- Work instruction
Everything in the listing below should be repeated exactly.

- Dataset content
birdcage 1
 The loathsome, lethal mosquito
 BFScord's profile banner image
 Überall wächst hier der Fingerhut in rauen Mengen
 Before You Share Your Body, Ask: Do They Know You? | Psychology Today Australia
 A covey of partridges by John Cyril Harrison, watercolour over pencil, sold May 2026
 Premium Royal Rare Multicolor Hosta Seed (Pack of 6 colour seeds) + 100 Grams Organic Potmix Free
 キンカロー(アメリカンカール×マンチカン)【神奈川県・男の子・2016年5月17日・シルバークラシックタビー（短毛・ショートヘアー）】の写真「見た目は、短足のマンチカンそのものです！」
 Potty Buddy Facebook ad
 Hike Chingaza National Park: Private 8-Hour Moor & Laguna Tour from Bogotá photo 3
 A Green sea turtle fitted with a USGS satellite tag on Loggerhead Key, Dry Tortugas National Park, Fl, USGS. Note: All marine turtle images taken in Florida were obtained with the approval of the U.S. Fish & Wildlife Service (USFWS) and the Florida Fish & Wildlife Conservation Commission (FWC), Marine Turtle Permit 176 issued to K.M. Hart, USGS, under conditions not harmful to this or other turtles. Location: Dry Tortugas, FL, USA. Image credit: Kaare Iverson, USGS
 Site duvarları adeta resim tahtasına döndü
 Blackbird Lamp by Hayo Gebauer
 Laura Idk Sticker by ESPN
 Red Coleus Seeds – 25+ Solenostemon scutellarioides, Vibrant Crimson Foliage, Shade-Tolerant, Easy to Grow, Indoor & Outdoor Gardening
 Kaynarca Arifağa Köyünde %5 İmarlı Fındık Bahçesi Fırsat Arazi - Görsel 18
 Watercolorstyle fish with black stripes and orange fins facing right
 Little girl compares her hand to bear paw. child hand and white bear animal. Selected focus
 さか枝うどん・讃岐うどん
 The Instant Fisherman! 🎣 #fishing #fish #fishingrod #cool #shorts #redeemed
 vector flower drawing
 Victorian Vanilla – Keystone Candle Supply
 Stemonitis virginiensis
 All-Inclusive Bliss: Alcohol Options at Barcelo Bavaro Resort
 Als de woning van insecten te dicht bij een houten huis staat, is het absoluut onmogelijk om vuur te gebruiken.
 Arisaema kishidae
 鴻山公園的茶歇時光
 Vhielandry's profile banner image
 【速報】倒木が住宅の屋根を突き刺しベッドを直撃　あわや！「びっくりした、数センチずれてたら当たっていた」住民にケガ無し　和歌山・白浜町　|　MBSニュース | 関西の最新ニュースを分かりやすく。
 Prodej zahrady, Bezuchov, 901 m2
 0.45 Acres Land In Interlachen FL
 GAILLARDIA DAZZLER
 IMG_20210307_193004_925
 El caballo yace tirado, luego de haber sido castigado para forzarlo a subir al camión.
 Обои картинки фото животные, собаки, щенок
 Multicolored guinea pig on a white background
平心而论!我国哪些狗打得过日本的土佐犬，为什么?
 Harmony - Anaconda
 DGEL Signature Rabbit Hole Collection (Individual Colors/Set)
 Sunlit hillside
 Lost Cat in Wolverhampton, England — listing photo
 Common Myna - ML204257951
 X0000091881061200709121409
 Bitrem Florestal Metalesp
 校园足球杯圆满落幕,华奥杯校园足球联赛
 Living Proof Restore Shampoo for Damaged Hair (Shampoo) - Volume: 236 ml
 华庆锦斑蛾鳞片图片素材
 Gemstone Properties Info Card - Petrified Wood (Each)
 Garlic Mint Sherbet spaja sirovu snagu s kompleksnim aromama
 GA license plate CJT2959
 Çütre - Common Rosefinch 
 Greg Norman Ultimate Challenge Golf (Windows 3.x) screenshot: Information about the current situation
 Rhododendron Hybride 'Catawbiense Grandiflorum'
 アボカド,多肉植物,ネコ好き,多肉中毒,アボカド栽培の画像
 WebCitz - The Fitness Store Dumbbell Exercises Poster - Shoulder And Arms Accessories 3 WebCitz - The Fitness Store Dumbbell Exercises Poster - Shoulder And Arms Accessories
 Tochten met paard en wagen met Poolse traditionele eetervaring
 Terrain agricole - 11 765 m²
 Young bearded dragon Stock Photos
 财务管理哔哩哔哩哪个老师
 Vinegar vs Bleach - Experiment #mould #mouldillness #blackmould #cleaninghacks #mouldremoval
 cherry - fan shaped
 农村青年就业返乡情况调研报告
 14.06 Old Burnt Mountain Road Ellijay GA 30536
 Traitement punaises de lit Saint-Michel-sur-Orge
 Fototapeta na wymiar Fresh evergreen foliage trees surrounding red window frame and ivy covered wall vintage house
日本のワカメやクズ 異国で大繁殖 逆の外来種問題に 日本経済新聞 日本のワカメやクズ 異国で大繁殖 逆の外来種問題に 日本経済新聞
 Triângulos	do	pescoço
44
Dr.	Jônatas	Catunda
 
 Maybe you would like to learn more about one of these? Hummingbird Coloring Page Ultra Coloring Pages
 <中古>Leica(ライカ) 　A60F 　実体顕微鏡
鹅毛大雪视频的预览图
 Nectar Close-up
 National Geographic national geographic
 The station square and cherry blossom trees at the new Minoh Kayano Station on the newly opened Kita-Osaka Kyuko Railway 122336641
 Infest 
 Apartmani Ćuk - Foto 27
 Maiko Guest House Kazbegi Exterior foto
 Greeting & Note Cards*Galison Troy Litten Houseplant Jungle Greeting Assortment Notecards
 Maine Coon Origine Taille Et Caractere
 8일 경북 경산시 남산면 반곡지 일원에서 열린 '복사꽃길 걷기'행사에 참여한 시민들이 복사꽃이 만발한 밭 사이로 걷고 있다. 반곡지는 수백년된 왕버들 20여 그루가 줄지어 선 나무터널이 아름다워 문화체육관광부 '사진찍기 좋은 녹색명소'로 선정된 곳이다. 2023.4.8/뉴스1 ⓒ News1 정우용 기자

- Answer to this problem
birdcage 1
 The loathsome, lethal mosquito
 BFScord's profile banner image
 Überall wächst hier der Fingerhut in rauen Mengen
 Before You Share Your Body, Ask: Do They Know You? | Psychology Today Australia
 A covey of partridges by John Cyril Harrison, watercolour over pencil, sold May 2026
 Premium Royal Rare Multicolor Hosta Seed (Pack of 6 colour seeds) + 100 Grams Organic Potmix Free
 キンカロー(アメリカンカール×マンチカン)【神奈川県・男の子・2016年5月17日・シルバークラシックタビー（短毛・ショートヘアー）】の写真「見た目は、短足のマンチカンそのものです！」
 Potty Buddy Facebook ad
 Hike Chingaza National Park: Private 8-Hour Moor & Laguna Tour from Bogotá photo 3
 A Green sea turtle fitted with a USGS satellite tag on Loggerhead Key, Dry Tortugas National Park, Fl, USGS. Note: All marine turtle images taken in Florida were obtained with the approval of the U.S. Fish & Wildlife Service (USFWS) and the Florida Fish & Wildlife Conservation Commission (FWC), Marine Turtle Permit 176 issued to K.M. Hart, USGS, under conditions not harmful to this or other turtles. Location: Dry Tortugas, FL, USA. Image credit: Kaare Iverson, USGS
 Site duvarları adeta resim tahtasına döndü
 Blackbird Lamp by Hayo Gebauer
 Laura Idk Sticker by ESPN
 Red Coleus Seeds – 25+ Solenostemon scutellarioides, Vibrant Crimson Foliage, Shade-Tolerant, Easy to Grow, Indoor & Outdoor Gardening
 Kaynarca Arifağa Köyünde %5 İmarlı Fındık Bahçesi Fırsat Arazi - Görsel 18
 Watercolorstyle fish with black stripes and orange fins facing right
 Little girl compares her hand to bear paw. child hand and white bear animal. Selected focus
 さか枝うどん・讃岐うどん
 The Instant Fisherman! 🎣 #fishing #fish #fishingrod #cool #shorts #redeemed
 vector flower drawing
 Victorian Vanilla – Keystone Candle Supply
 Stemonitis virginiensis
 All-Inclusive Bliss: Alcohol Options at Barcelo Bavaro Resort
 Als de woning van insecten te dicht bij een houten huis staat, is het absoluut onmogelijk om vuur te gebruiken.
 Arisaema kishidae
 鴻山公園的茶歇時光
 Vhielandry's profile banner image
 【速報】倒木が住宅の屋根を突き刺しベッドを直撃　あわや！「びっくりした、数センチずれてたら当たっていた」住民にケガ無し　和歌山・白浜町　|　MBSニュース | 関西の最新ニュースを分かりやすく。
 Prodej zahrady, Bezuchov, 901 m2
 0.45 Acres Land In Interlachen FL
 GAILLARDIA DAZZLER
 IMG_20210307_193004_925
 El caballo yace tirado, luego de haber sido castigado para forzarlo a subir al camión.
 Обои картинки фото животные, собаки, щенок
 Multicolored guinea pig on a white background
平心而论!我国哪些狗打得过日本的土佐犬，为什么?
 Harmony - Anaconda
 DGEL Signature Rabbit Hole Collection (Individual Colors/Set)
 Sunlit hillside
 Lost Cat in Wolverhampton, England — listing photo
 Common Myna - ML204257951
 X0000091881061200709121409
 Bitrem Florestal Metalesp
 校园足球杯圆满落幕,华奥杯校园足球联赛
 Living Proof Restore Shampoo for Damaged Hair (Shampoo) - Volume: 236 ml
 华庆锦斑蛾鳞片图片素材
 Gemstone Properties Info Card - Petrified Wood (Each)
 Garlic Mint Sherbet spaja sirovu snagu s kompleksnim aromama
 GA license plate CJT2959
 Çütre - Common Rosefinch 
 Greg Norman Ultimate Challenge Golf (Windows 3.x) screenshot: Information about the current situation
 Rhododendron Hybride 'Catawbiense Grandiflorum'
 アボカド,多肉植物,ネコ好き,多肉中毒,アボカド栽培の画像
 WebCitz - The Fitness Store Dumbbell Exercises Poster - Shoulder And Arms Accessories 3 WebCitz - The Fitness Store Dumbbell Exercises Poster - Shoulder And Arms Accessories
 Tochten met paard en wagen met Poolse traditionele eetervaring
 Terrain agricole - 11 765 m²
 Young bearded dragon Stock Photos
 财务管理哔哩哔哩哪个老师
 Vinegar vs Bleach - Experiment #mould #mouldillness #blackmould #cleaninghacks #mouldremoval
 cherry - fan shaped
 农村青年就业返乡情况调研报告
 14.06 Old Burnt Mountain Road Ellijay GA 30536
 Traitement punaises de lit Saint-Michel-sur-Orge
 Fototapeta na wymiar Fresh evergreen foliage trees surrounding red window frame and ivy covered wall vintage house
日本のワカメやクズ 異国で大繁殖 逆の外来種問題に 日本経済新聞 日本のワカメやクズ 異国で大繁殖 逆の外来種問題に 日本経済新聞
 Triângulos	do	pescoço
44
Dr.	Jônatas	Catunda
 
 Maybe you would like to learn more about one of these? Hummingbird Coloring Page Ultra Coloring Pages
 <中古>Leica(ライカ) 　A60F 　実体顕微鏡
鹅毛大雪视频的预览图
 Nectar Close-up
 National Geographic national geographic
 The station square and cherry blossom trees at the new Minoh Kayano Station on the newly opened Kita-Osaka Kyuko Railway 122336641
 Infest 
 Apartmani Ćuk - Foto 27
 Maiko Guest House Kazbegi Exterior foto
 Greeting & Note Cards*Galison Troy Litten Houseplant Jungle Greeting Assortment Notecards
 Maine Coon Origine Taille Et Caractere
 8일 경북 경산시 남산면 반곡지 일원에서 열린 '복사꽃길 걷기'행사에 참여한 시민들이 복사꽃이 만발한 밭 사이로 걷고 있다. 반곡지는 수백년된 왕버들 20여 그루가 줄지어 선 나무터널이 아름다워 문화체육관광부 '사진찍기 좋은 녹색명소'로 선정된 곳이다. 2023.4.8/뉴스1 ⓒ News1 정우용 기자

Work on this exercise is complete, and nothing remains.